David Friedman: Trump İsrail'in Beyaz Saray'da oturacak en büyük dostu
Kısaca AIPAC olarak bilinen Amerikan İsrail Halkla İlişkiler Komitesi'nin 2019 konferansı dün sona erdi. Konferansın ikinci gününün akşam bölümünde ABD'nin Birleşmiş Milletler eski daimi temsilcisi Nikki Haley konuştu.
Welayet News - Nikki Haley'in konuşması Gazze'den Tel Aviv'e atılan roketin yankıları henüz sürerken yapıldı. Birleşmiş Milletler'de çalıştığı dönem hakkında sorulan soruya Haley kuruluşun İsrail'e karşı önyargılı olduğunu iddia eden cümlelerle cevap verdi.
Haley en önemli başarılarını da UNESCO'dan çıkmak, İran ile yapılan nükleer anlaşmadan ayrılmak ve İran'ı hedefe oturtmak olarak sıraladı. İnsan Hakları Konseyi'nden de çıkarak geride kalan ülkelerin üzerine İsrail karşıtı önyargı yükünü bıraktıklarını ekledi. Ayrıca Birleşmiş Milletler'in Hamas'ı tanımasını sağladıklarını öne sürdü. Elçiliği Kudüs'e taşıdıklarını hatırtlattı.
Nikki Haley sürekli olarak İsrail'in zorbalığa maruz kaldığı iddiasını tekrarladı. İsrail'in Son derece tehlikeli bir bölgede sağlam bir demokrasiye sahip olduğunu öne süren Haley komşu ülkelerin İsrail'i desteklemek yerine ona vurduklarını da savundu. İsrail'in yanında durulması gerektiğini öne süren Haley İsrail'in de saldırılara cevap verdiğini söyledi.
Haley Birleşmiş Milletler'de olduğunu iddia ettiği İsrail karşıtı ön yargıyı 1967 savaşından mağlup ayrılan Arap rejimlerinin silahla yapamadıklarını petrol ve diğer zenginliklerini kullanarak parayla yapmaya çalışmalarına bağladı.
Haley konu İran'a gelince İran'ın da Kuzey Kore gibi halkına baskı uygulayan bir devlet olduğunu ve izole edilmesi gerektiğini öne sürdü.
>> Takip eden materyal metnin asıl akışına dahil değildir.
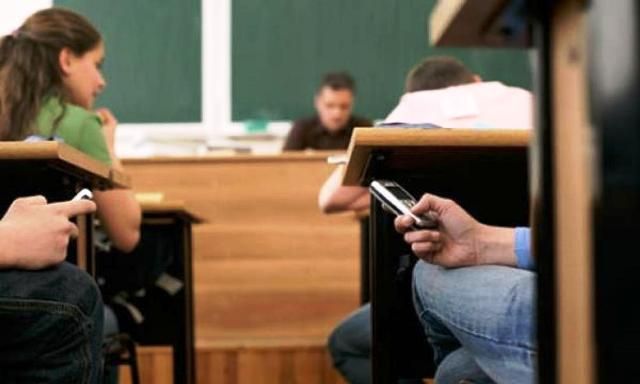 Τέλος… εποχής στα σχολεία! Ο Γαβρόγλου απαγορεύει τα κινητά στους μαθητές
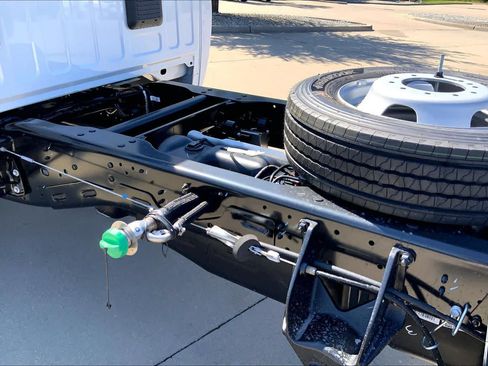 New 2026 RAM 5500 Tradesman AWD/4WD image 17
Avrupalıların da nükleer anlaşmanın sürdürülebilir olmadığını fark ettiklerini ve başka seçenekler düşüneceklerini iddia etti.
Nikki Haley ayrıca Demokratik Kongo Cumhuriyeti, Güney Sudan, Suriye ve Venezuela yönetimlerini kendi halklarına zulmetmekle suçladı.
David Friedman: Beyaz Saray'daki ekip İsrail açısından büyük şans
AIPAC konferansının üçüncü ve son günüde ABD'nin İsrail Büyükelçisi David Friedman da bir konuşma yaptı. Firedman da söze Gazze'den Tel Aviv'e atılan roket ile başladı. Roketin ayrım gözetmeden tüm Yahudileri ve İsrail rejimini hedef aldığını söyledi. Aynı şekilde ayrım yapmadan tüm Yahudilerin ve İsrail rejiminin desteklenmesi gerektiğini öne sürdü.
Friedman daha sonra ABD Başkanı Donal Trump'ın on ay önce verdiği elçiliği Kudüs'e taşıma kararını hatırlattı. Geride kalan on ay boyunca elçiliğin sürekli genişletildiğini söyledi. Elçiliğin taşınmasının Yahudilerin 2 bin yıldır devam eden Siyon'a yani Kudüs'e dönme çabası için bir dönüm noktası olduğunu ifade etti.
Golan'ın İsrail'e verilmesinin de Siyonist rejimin güvenliği açısından önemine dikkat çeken Friedman Başkan Trump'ın İsrail'in Beyaz Saray'da oturacak en büyük dostu olduğunu söyledi.
İran ile yapılan nükleer anlaşmaya da değinen Friedman anlaşmanın İran'a büyük avantajlar sağladığını ancak bölgedeki örgütlere destek vermesi ya da ABD ve İsrail'i tehdit etmeyi durdurması gibi maddeler içermediği için oldukça zayıf olduğunu öne sürdü.
Friedman Filistin meselesi ile ilgili olarak da konuştu. ABD yönetiminin İsrail'in karşı karşıya kaldığı güvenlik tehditlerinin farkında olan bir ekipten oluştuğunu söyledi. Başkan Trump, yardımcısı Mike Pence, Dışişleri Bakanı Mike Pompeo, Ulusal Güvenlik Danışmanı John Bolton, Jared Kushner, Jason Greenblatt ve hatta Friedman gibi isimlerin İsrail açısından büyük bir şans olduğunu ifade etti.